No Country Bumpkin
Bob Hirt
A few weeks ago we invited an old friend, Jerry, and his wife to join us for several days at a timeshare in Southern California. Despite the several days of cold, overcast and rainy weather in Escondido, we had a good time together, playing games by the fireplace, eating out occasionally, exploring the area and showing them around the Welk Resort.
Jerry’s parents were dairy farmers back East and their farm was a little over two miles from our home in Western New York. Not only was I their veterinarian but we were Godparents to their first child. We were married the same year as well, in 1968. We’ve been friends for more than 50 years.
Jerry moved to Arizona many years ago for health reasons, the humidity of the East being a source of general discomfort for him for many years. Not having a job to go to out West, he sought out something related to his background: dairy farming. He soon heard about a huge dairy operation not far from their newly-acquired home. He wasted no time in checking it out. Compared to the Mom and Pop farms of much of New York State, this farm was more like a General Motors assembly-line. Rather than the usual twice daily milking routine, some 3,000 dairy cows there were being milked three times daily, in almost robot-like fashion. He didn’t want any part of that rigorous, very demanding schedule.
He had other ideas. He loved his rural origin, loved the farm, but he really excelled in the mechanical aspect of farming. He savored doing field work, operating and fixing tractors and machinery. He really excelled at it and he thrived on learning about almost anything that aroused his curiosity. On his tour of this huge farming operation he quickly became aware of the level of efficiency on which it ran. It was an enormous operation and it was ultra-modern, and very, very efficient. The farm was equipped with a relatively new concept at the time, a Methane Digester, to dispose of some of the cow waste – the excrement produced daily by these animals. The methane gas formed in their bodies is both belched out as well as excreted and is now considered a significant environmental polluter. Briefly summarized: By going through a series of complicated procedures the methane gas is collected, processed, compressed and fed into a diesel engine. The engine operates a generator that produces the electricity. The electricity that was produced energized their entire farming operation. Not only was this dairy energy-efficient, it had a significant surplus of electricity that was sold back to the Arizona electrical grid. Jerry never let anything intimidate him and soon he became so knowledgeable about the methane digestion process that he was loaned out to help other large dairy farms set up a similar system!
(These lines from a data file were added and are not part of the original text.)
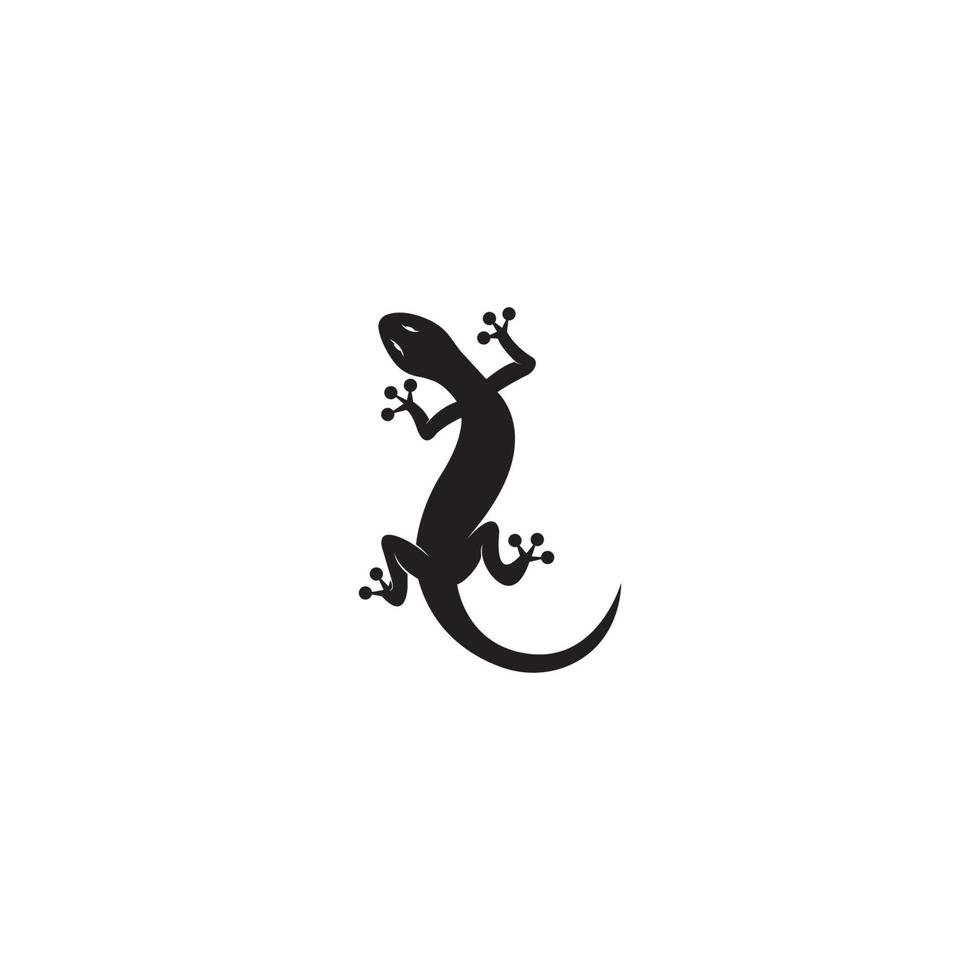 house lizard icon vector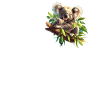 Koalas Koala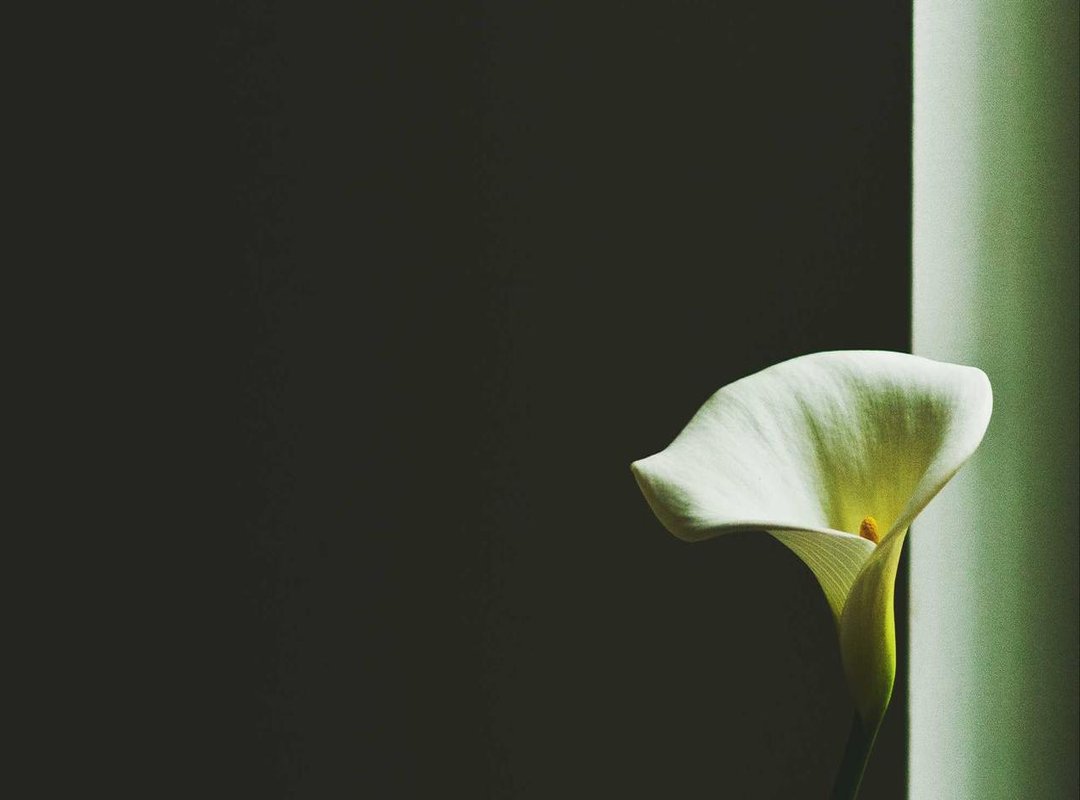 Who Should Use Trade 360 ProAir (And Who Should Avoid It)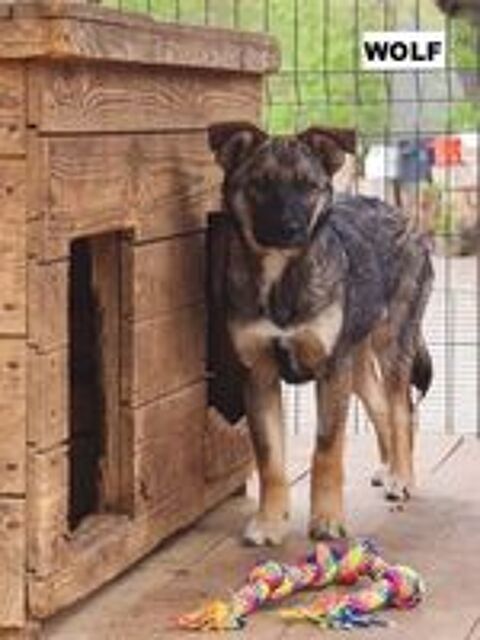   WOLF SE TROUVE DANS UN REFUGE EN UKRAINE 
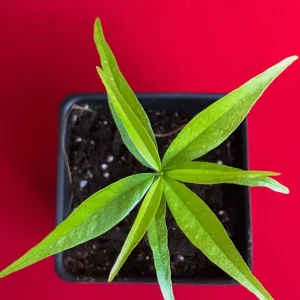 Rainforest Plum (Eugenia candolleana) Live Plant - Tropical Purple Fruit Tree Seedling, 2.5-5'' Tall - Image 8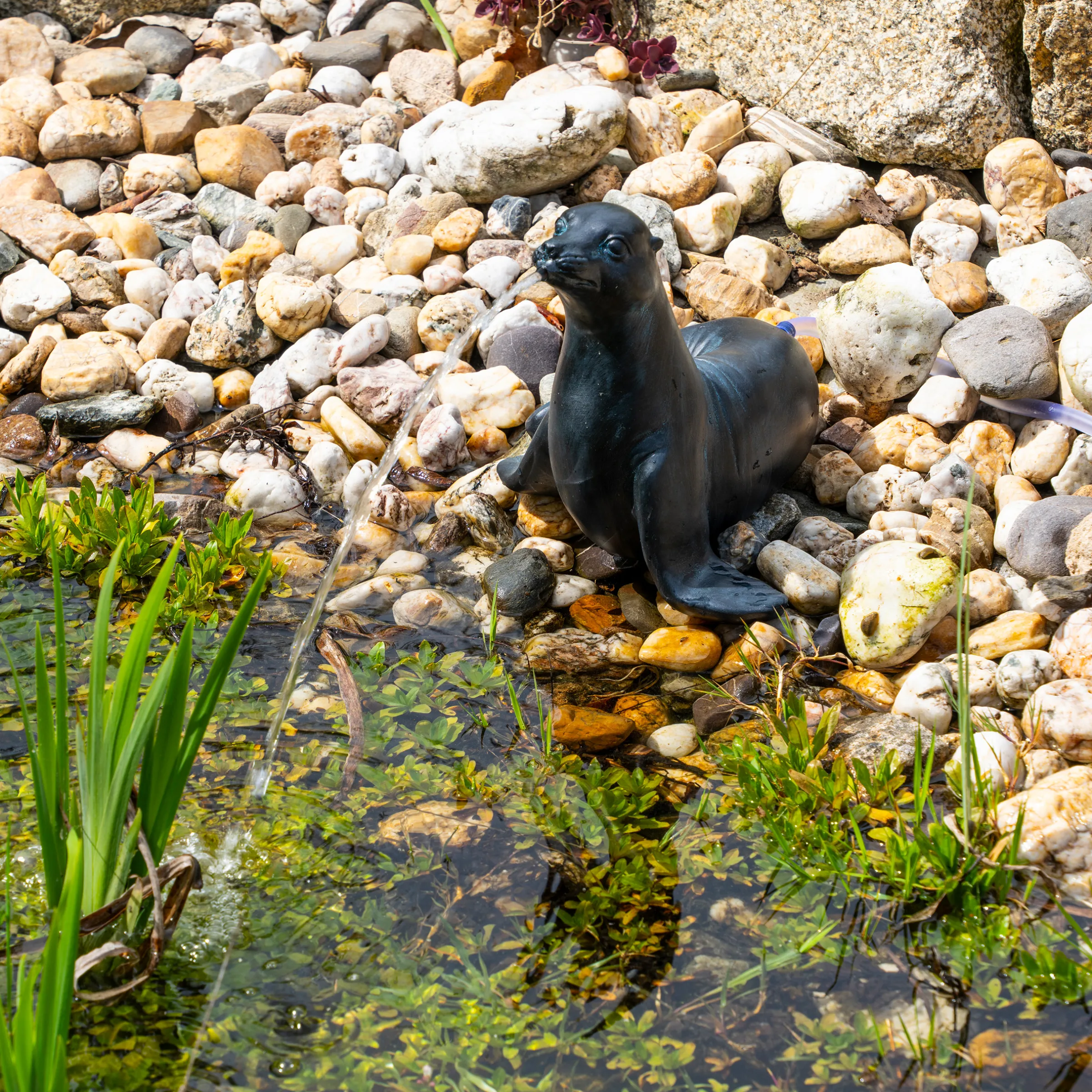 Solar Wasserspeierset Seehund Sammy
I found out rather recently that many years ago, Jerry was nominated, and then awarded the American Farm Bureau Federation’s New York State Farmer-of-the-Year Award. It didn’t end there. He then went on later to be awarded the American Farm Bureau Federation’s U.S. Farmer-of-the-Year prize in the late 1980s. Wow! Jerry had never mentioned this. It was Joanie, his wife, who informed us of it one day when we visited them. What an incredible honor that is! Talk about our being impressed? This guy Jerry, my good friend, is no country bumpkin!